[Records supplied — start]
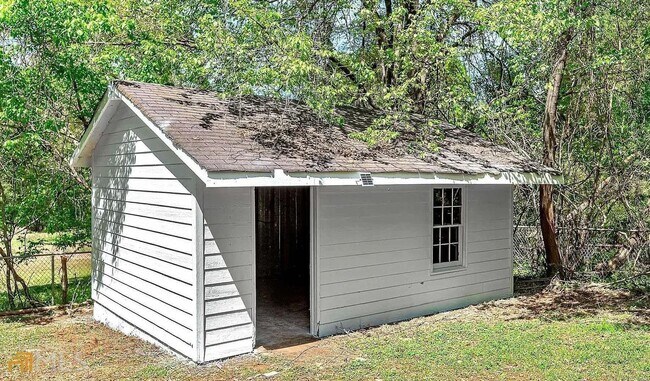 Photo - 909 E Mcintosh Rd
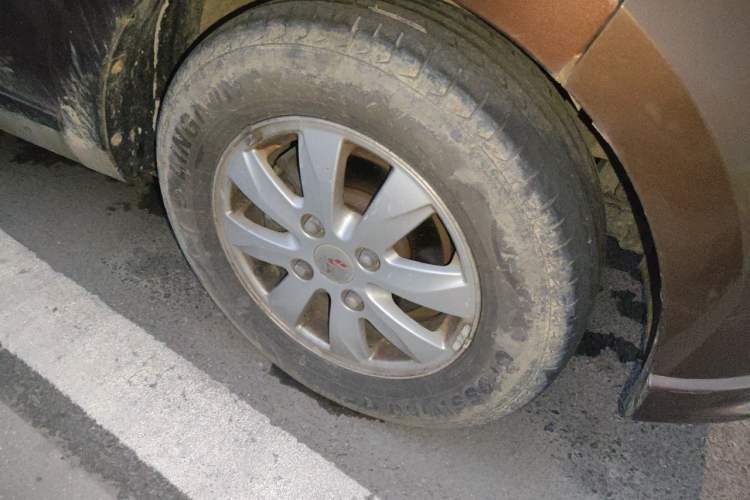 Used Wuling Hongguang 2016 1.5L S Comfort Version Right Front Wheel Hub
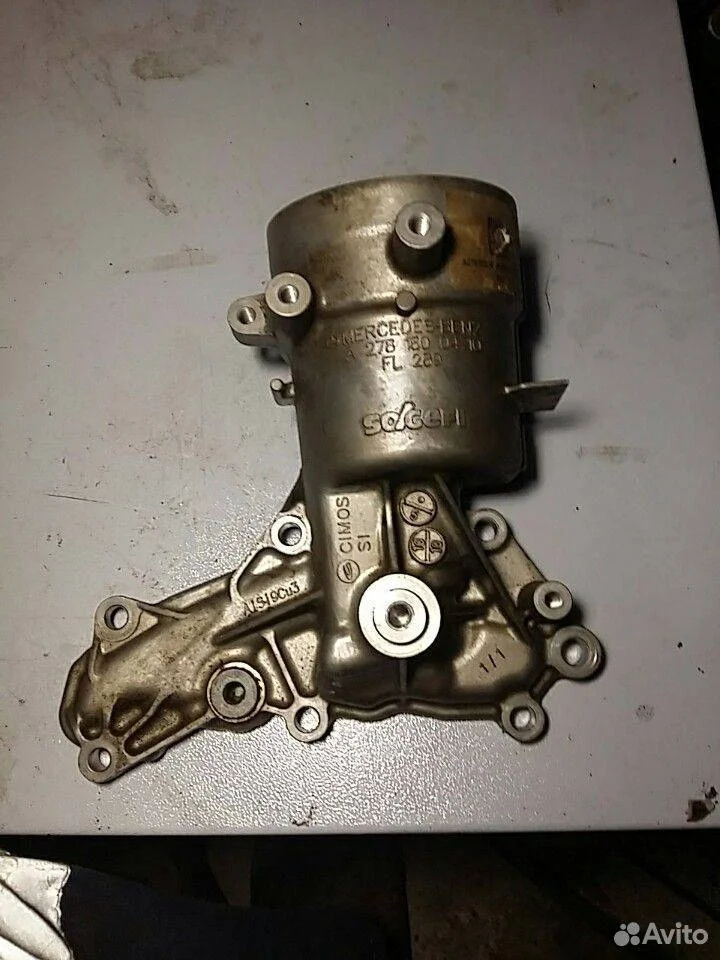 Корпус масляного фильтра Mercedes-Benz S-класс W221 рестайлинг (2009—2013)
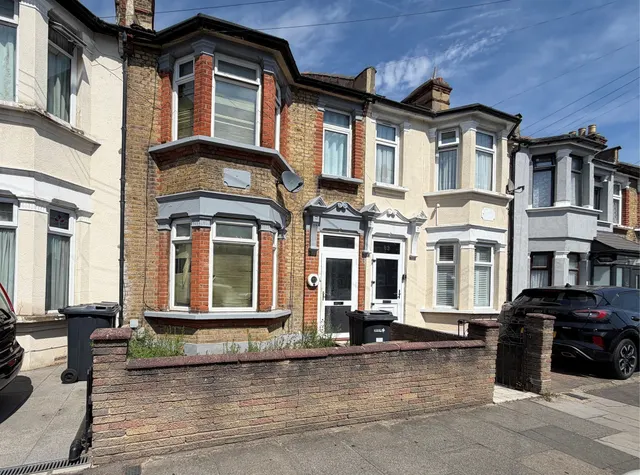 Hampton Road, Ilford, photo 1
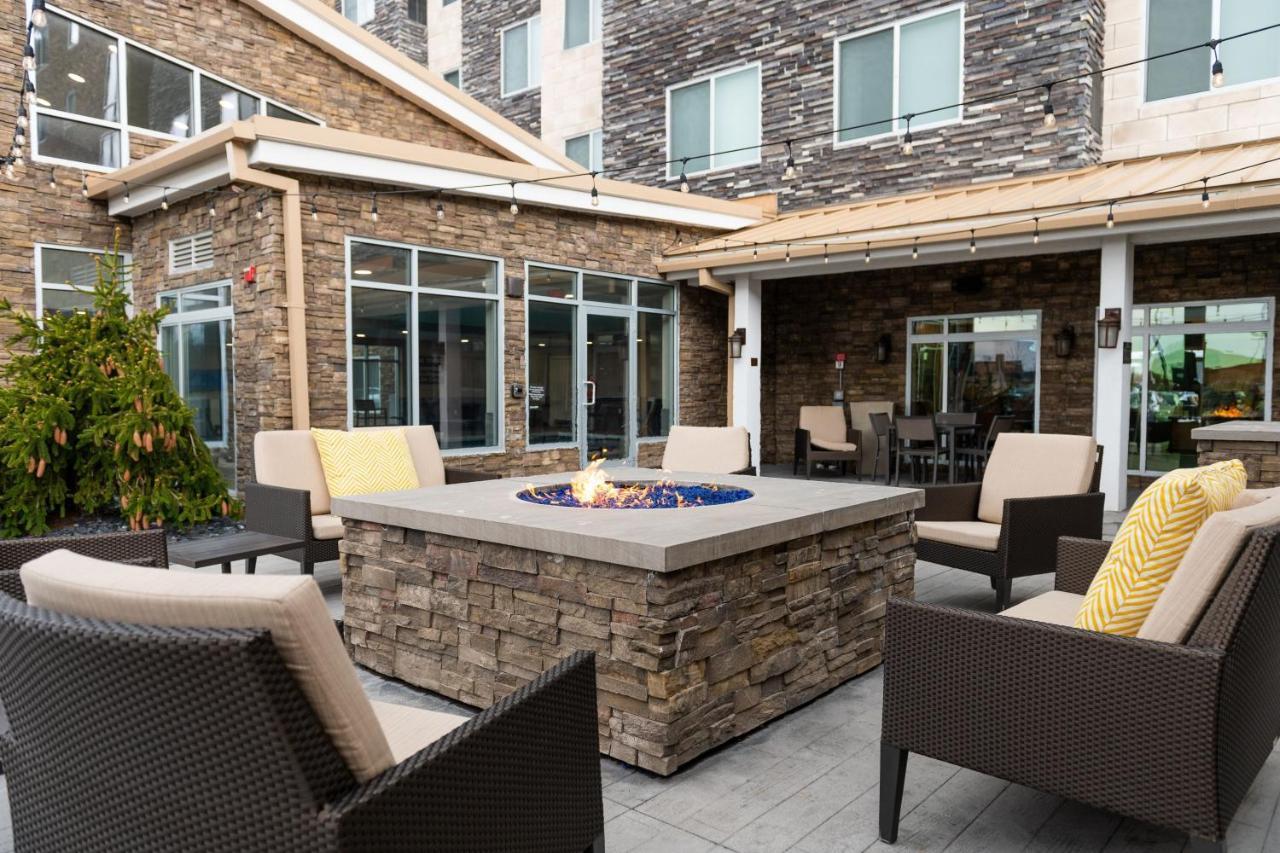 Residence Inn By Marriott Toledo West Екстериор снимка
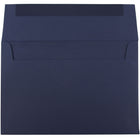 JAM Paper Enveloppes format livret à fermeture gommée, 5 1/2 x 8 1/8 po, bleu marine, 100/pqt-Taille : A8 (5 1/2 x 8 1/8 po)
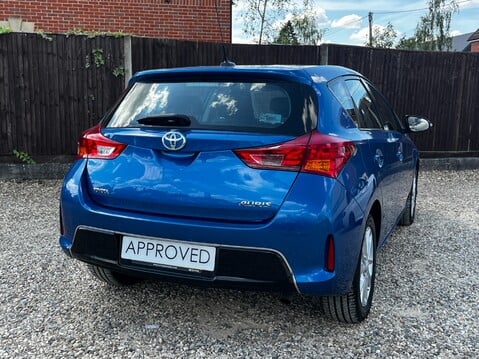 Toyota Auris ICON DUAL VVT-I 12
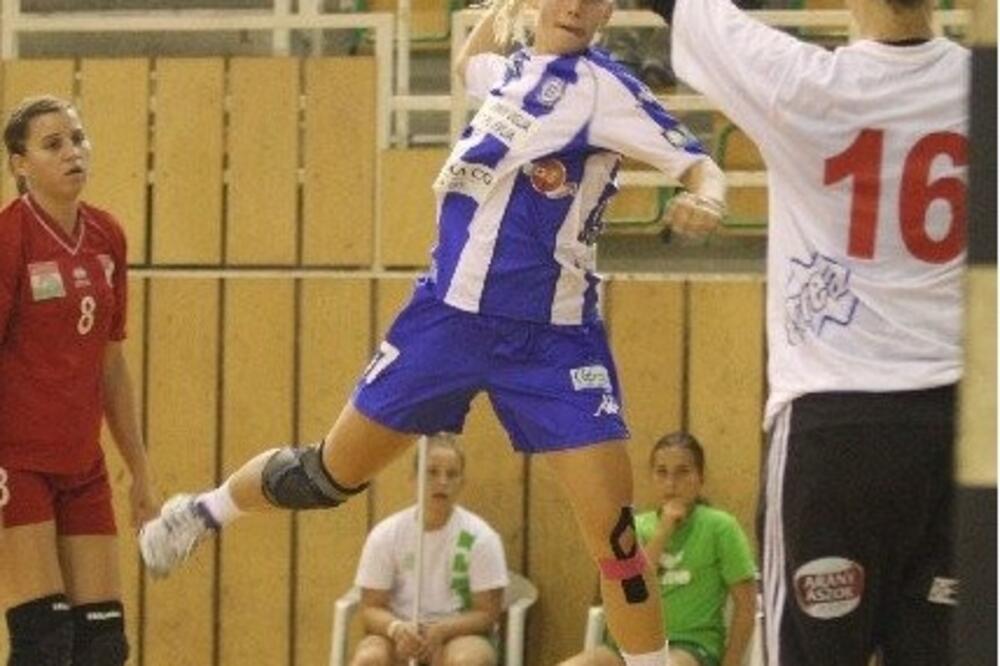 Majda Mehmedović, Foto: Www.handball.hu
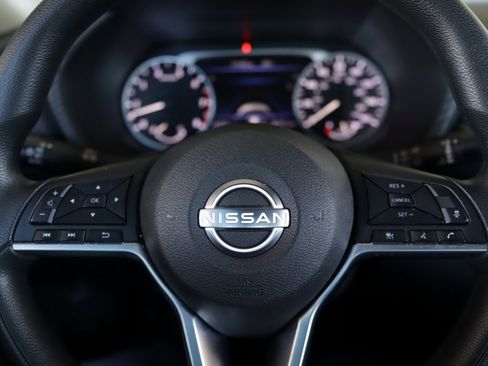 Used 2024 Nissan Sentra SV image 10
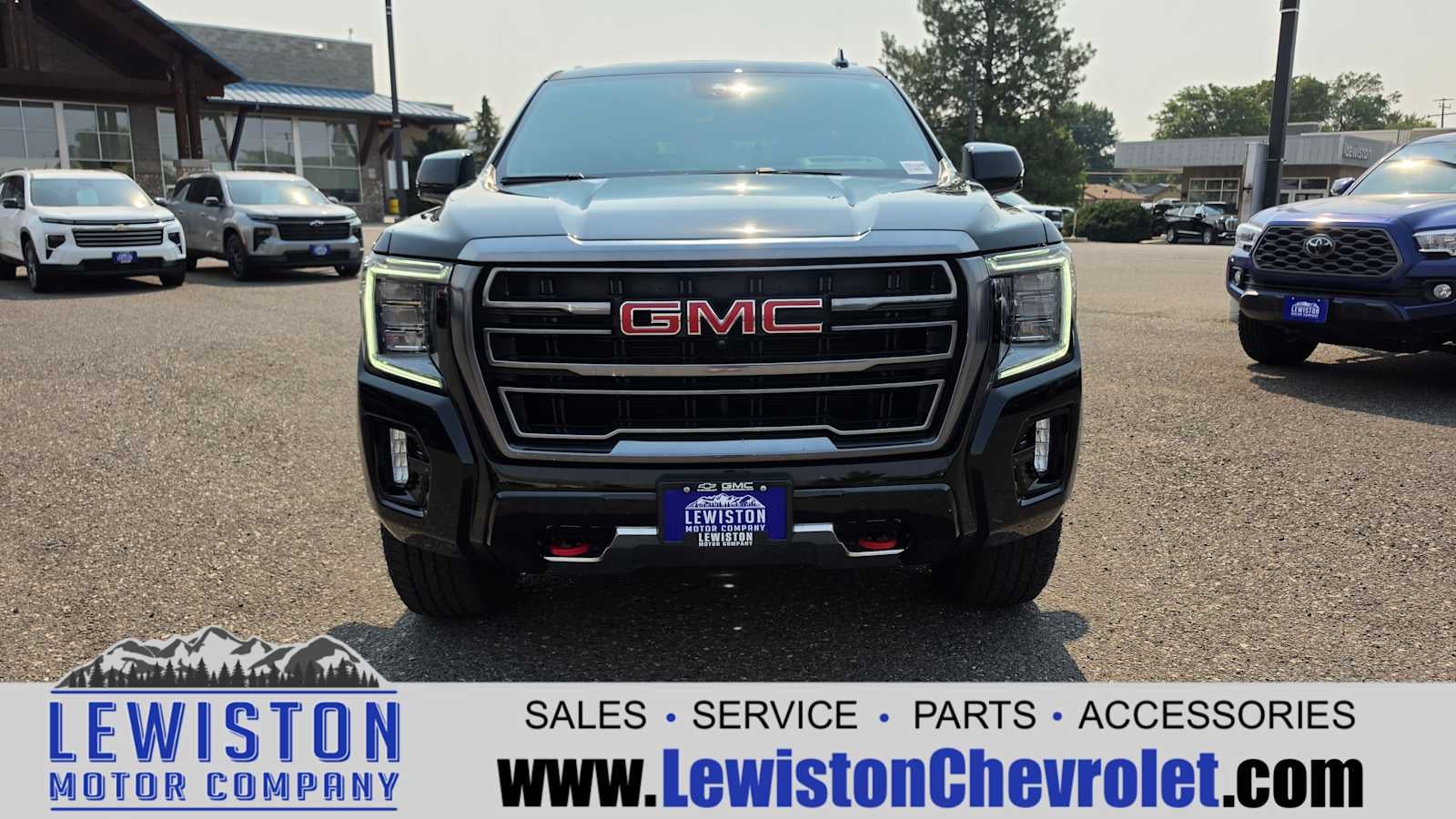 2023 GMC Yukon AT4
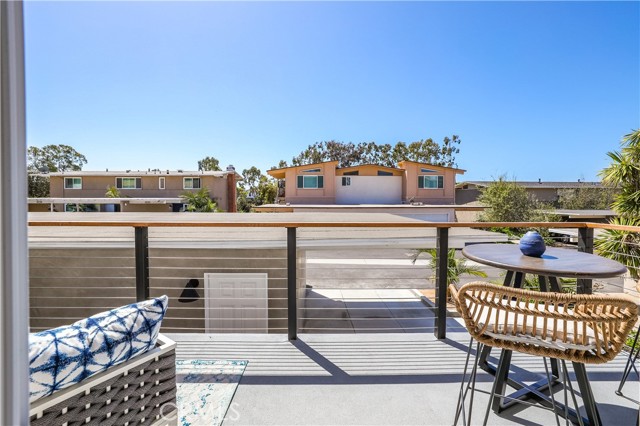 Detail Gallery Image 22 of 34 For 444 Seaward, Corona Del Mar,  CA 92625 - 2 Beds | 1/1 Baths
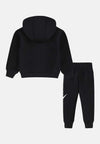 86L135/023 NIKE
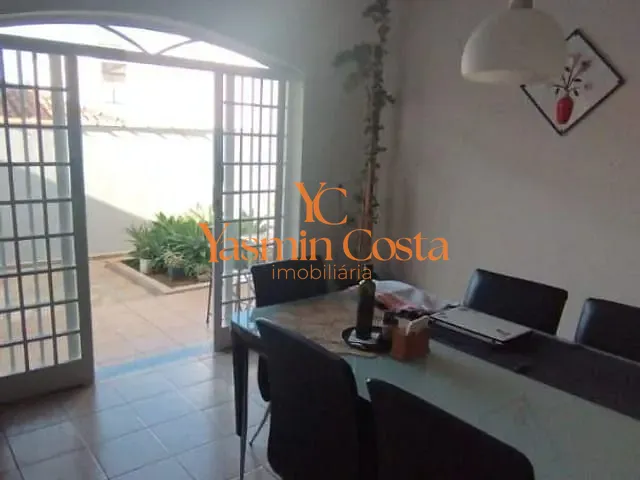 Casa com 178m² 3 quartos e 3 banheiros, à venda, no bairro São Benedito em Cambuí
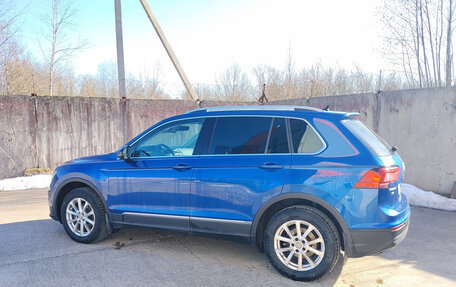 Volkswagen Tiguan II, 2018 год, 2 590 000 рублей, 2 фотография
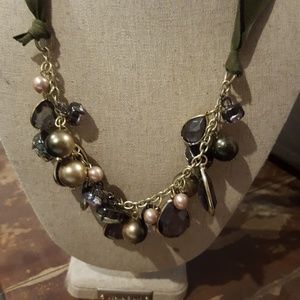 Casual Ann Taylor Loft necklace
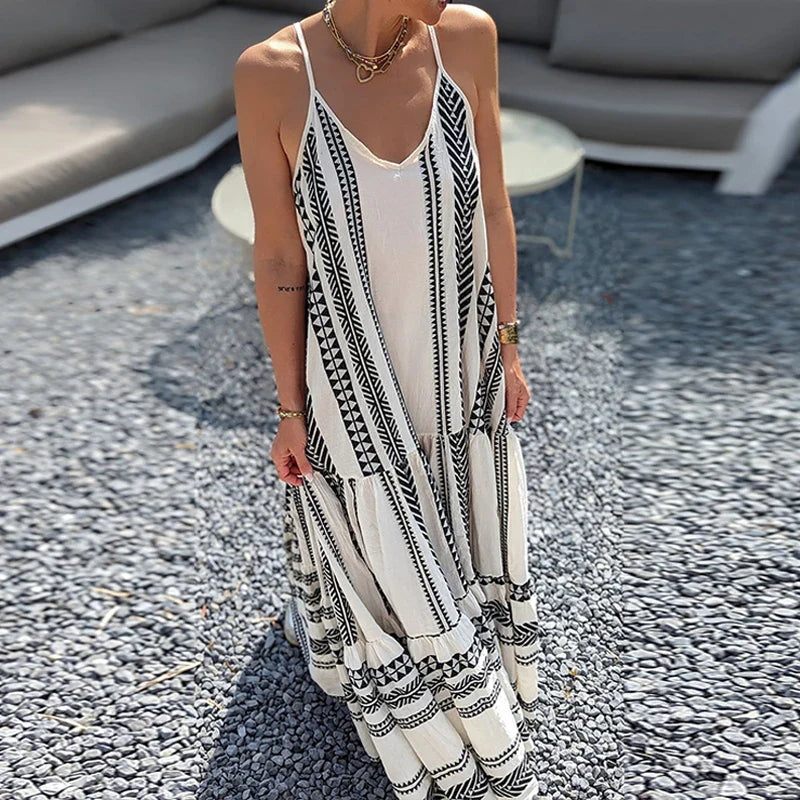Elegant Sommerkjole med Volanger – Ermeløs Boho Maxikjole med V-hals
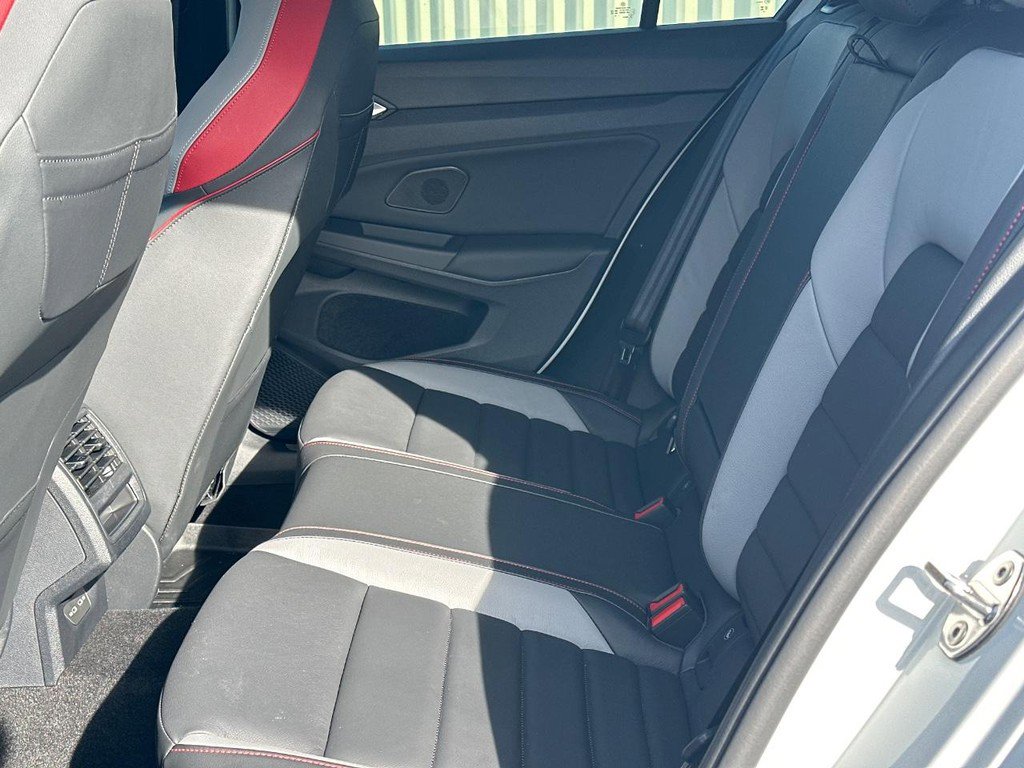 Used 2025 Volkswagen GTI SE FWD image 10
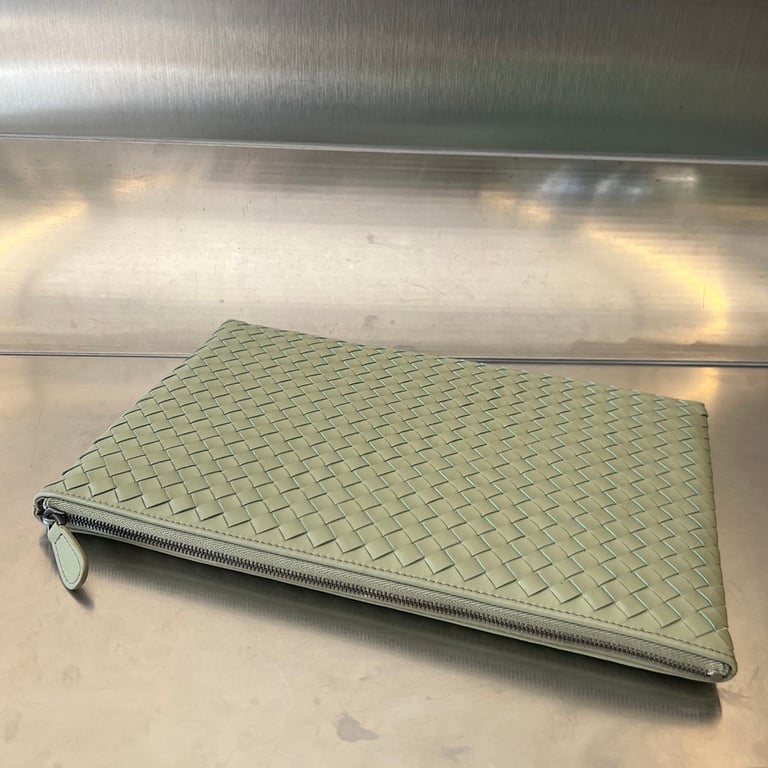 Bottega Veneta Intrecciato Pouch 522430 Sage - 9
[Records supplied — finish]
→ **Exercise prompt**
Without the pictures, return the listing above from its first line through the line that has "Used 2024 Nissan Sentra SV image 10".

→ **Task result**
 Photo - 909 E Mcintosh Rd
 Used Wuling Hongguang 2016 1.5L S Comfort Version Right Front Wheel Hub
 Корпус масляного фильтра Mercedes-Benz S-класс W221 рестайлинг (2009—2013)
 Hampton Road, Ilford, photo 1
 Residence Inn By Marriott Toledo West Екстериор снимка
 JAM Paper Enveloppes format livret à fermeture gommée, 5 1/2 x 8 1/8 po, bleu marine, 100/pqt-Taille : A8 (5 1/2 x 8 1/8 po)
 Toyota Auris ICON DUAL VVT-I 12
 Majda Mehmedović, Foto: Www.handball.hu
 Used 2024 Nissan Sentra SV image 10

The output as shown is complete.